◆ ENTRIES SHOWN
####

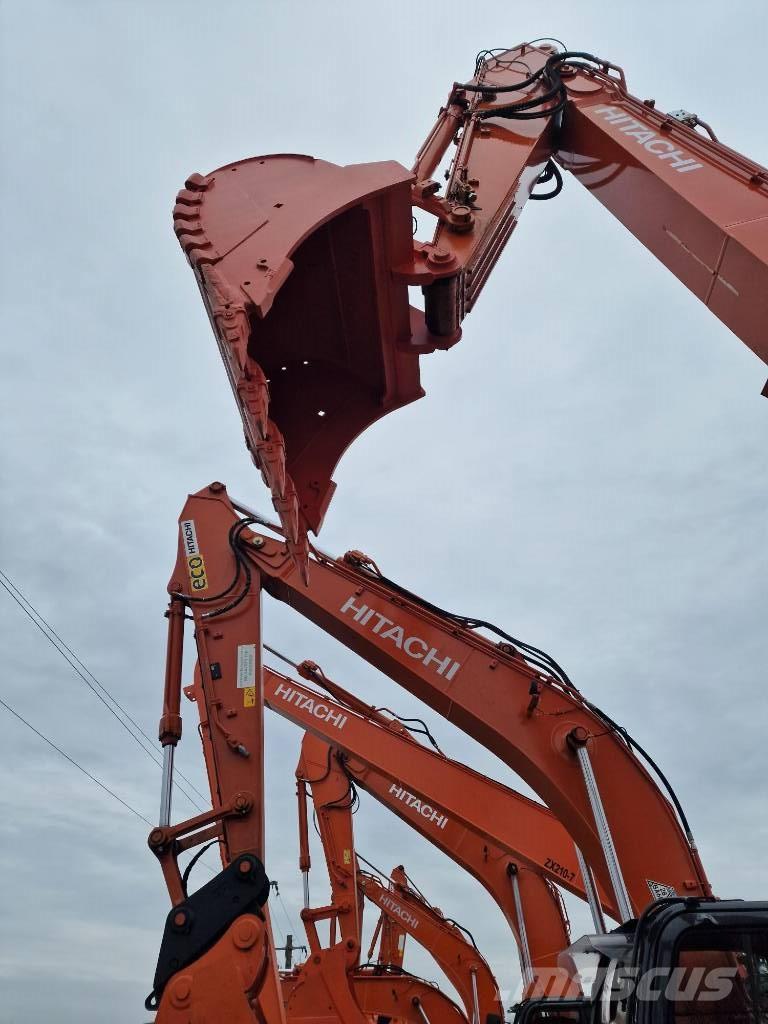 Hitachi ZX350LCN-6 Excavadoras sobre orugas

####

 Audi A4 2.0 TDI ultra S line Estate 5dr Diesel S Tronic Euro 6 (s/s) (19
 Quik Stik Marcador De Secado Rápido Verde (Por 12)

####

Output the lines of the records above exactly as they appear, from the line containing "Audi A4 2.0" through the line containing "Quik Stik Marcador".

◆ REPLY
 Audi A4 2.0 TDI ultra S line Estate 5dr Diesel S Tronic Euro 6 (s/s) (19
 Quik Stik Marcador De Secado Rápido Verde (Por 12)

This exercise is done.